● WHAT YOU WILL DO
Nothing but a full, exact copy of the data is needed.

● GIVEN DATA
━━━━━━━━━━━━━━━━━━━━
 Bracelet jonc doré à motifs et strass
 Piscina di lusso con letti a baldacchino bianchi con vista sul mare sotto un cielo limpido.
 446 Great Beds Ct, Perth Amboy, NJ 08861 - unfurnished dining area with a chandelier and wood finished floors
━━━━━━━━━━━━━━━━━━━━
● ANSWER TO THIS EXERCISE
 Bracelet jonc doré à motifs et strass
 Piscina di lusso con letti a baldacchino bianchi con vista sul mare sotto un cielo limpido.
 446 Great Beds Ct, Perth Amboy, NJ 08861 - unfurnished dining area with a chandelier and wood finished floors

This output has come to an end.